2. Access and Restrictions
(a) Access and Use of Subscription Services. Pendo grants to Customer a limited, non-exclusive, non-transferable, non-sublicensable right to access and use the Subscription Services based on the number of Units specified in the applicable Order Form during the term of any such Subscription Services (as set forth in the applicable Order Form) for Customer’s internal business purposes (the “Permitted Purpose”) subject to the terms of the Agreement.
Only Customer’s Users may access and use the Services ordered by Customer hereunder. Customer is responsible for maintaining the security of Customer’s account, passwords (including but not limited to administrative and user passwords) and files and for use of Customer’s account by Customer or any other person or entity who accesses Customer’s account via or as a result of Customer, with or without Customer’s knowledge or consent (unless such unauthorized access was caused by Pendo), and if Customer becomes aware of any violation, Customer will immediately terminate the offending party’s access to the Services and notify Pendo. Customer shall be responsible to Pendo for its Users’ activity and any breach of the Agreement.
(b) No Charge Access. If Subscription Services are provided to Customer for evaluation, beta, release candidate or free purposes, as identified in an Order Form, Pendo hereby grants to Customer a limited, non-exclusive, non-transferable, non-sublicensable right to access and use evaluation, beta, or release candidate features and functionality or free versions of the Subscription Services pursuant to the terms of the Agreement. Subscription Services provided for evaluation, beta, or release candidate purposes shall not be used for production use, and Customer’s access and use right shall terminate on the end date of the predetermined period set forth in the applicable Order Form or immediately upon notice from Pendo in its sole discretion. Notwithstanding any other provision contained herein, the Subscription Services and Documentation provided pursuant to this Section are provided to Customer “AS IS” without indemnification, support, or warranty of any kind, express or implied. Except to the extent such terms conflict with this Section, all other terms of these Terms and Conditions shall apply to the Subscription Services provided for evaluation, beta, release candidate or free purposes.
(c) Restrictions.

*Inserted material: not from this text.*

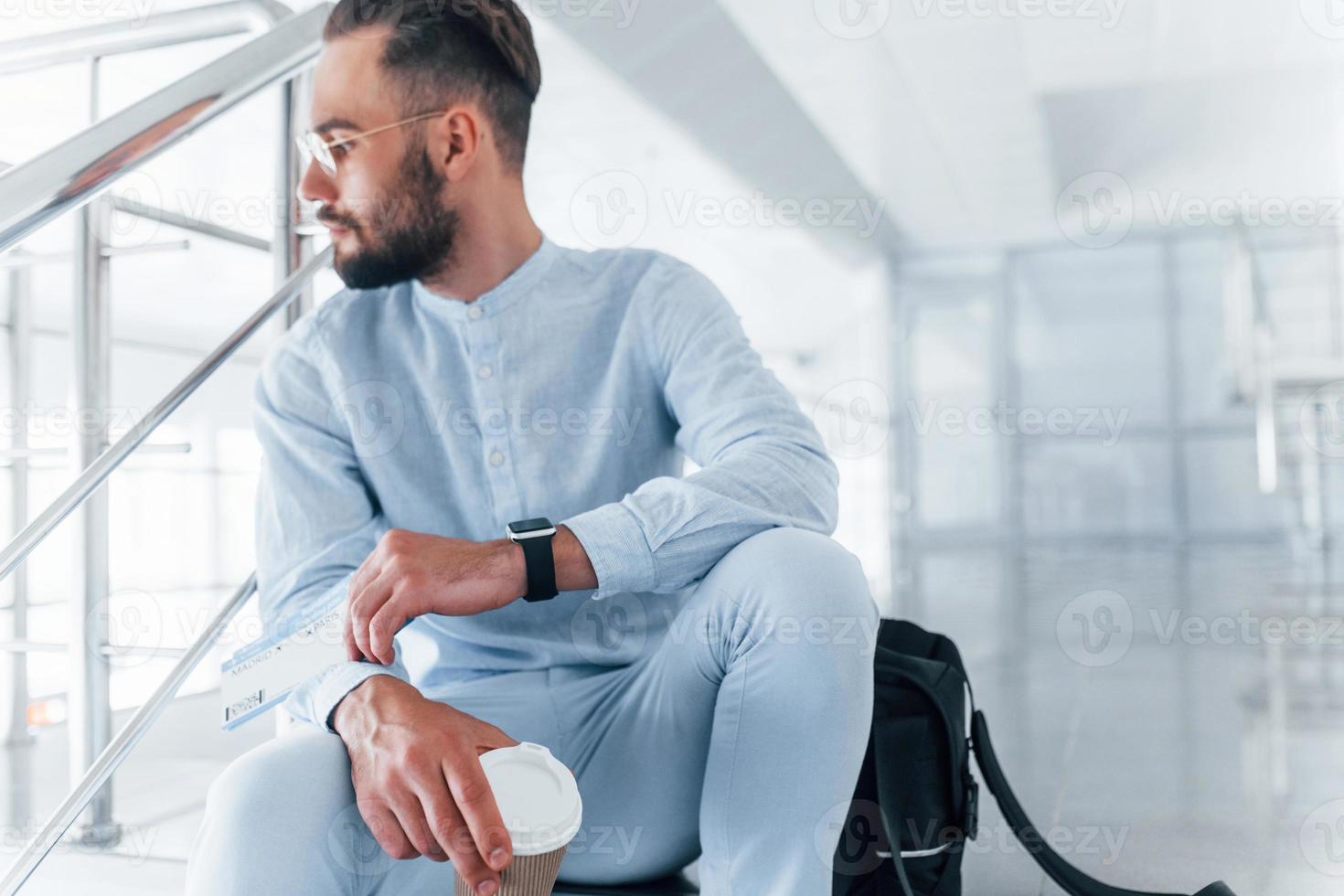 Holding plane tickets in hand. Sitting on stairs and waiting. Young passenger in formal clothes indoors in the office at daytime photo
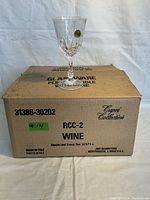 Wine glass standing on top of the original box with Capri Collection and model details.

Except as expressly authorized in the Agreement, Customer shall not, and shall ensure that Users do not, directly or indirectly: (i) license, sublicense, rent, lease, sell, resell, loan, transfer, distribute, translate, or otherwise transfer rights to the Services; (ii) reverse engineer, decompile, or disassemble or otherwise obtain or attempt to create, derive, or obtain the source code of the Services; (iii) modify, translate, enhance or otherwise change the Services or prepare derivative works of the Services, including creation and distribution of add-ons or enhancements or incorporation into another product unless expressly agreed between the parties; (iv) copy, reproduce, republish, upload, post, or transmit the Services or any other materials provided in connection therewith; (v) remove, obscure, or alter any notice of copyright, trademark or other proprietary right appearing in or on any item included with the Services; (vi) circumvent or attempt to circumvent any methods employed by Pendo to control access to the components, features or functions of the Services or to prevent unauthorized use of the Services; or interfere with, impair, or disrupt the integrity or performance of the Services or any other party’s use of the Services; (vii) use or otherwise exploit the Services for any purpose, commercial or otherwise, other than the Permitted Purpose, including for purposes of benchmarking, competitive analysis or the development of a competing software product; or (viii) use the Services to violate third party rights or applicable laws or to store or transmit infringing, libelous, unlawful, or tortious material or store material in violation of third party rights or applicable laws.
3. Term and Termination
(a) Term. These Terms and Conditions will begin on the Effective Date and continue until terminated as set forth herein. Unless otherwise agreed, Subscription Services automatically renew for successive periods of twelve (12) months each, unless a party gives the other party written notice of non-renewal at least thirty (30) days prior to the expiration of the then-current term, or the applicable Order Form is sooner terminated as provided herein.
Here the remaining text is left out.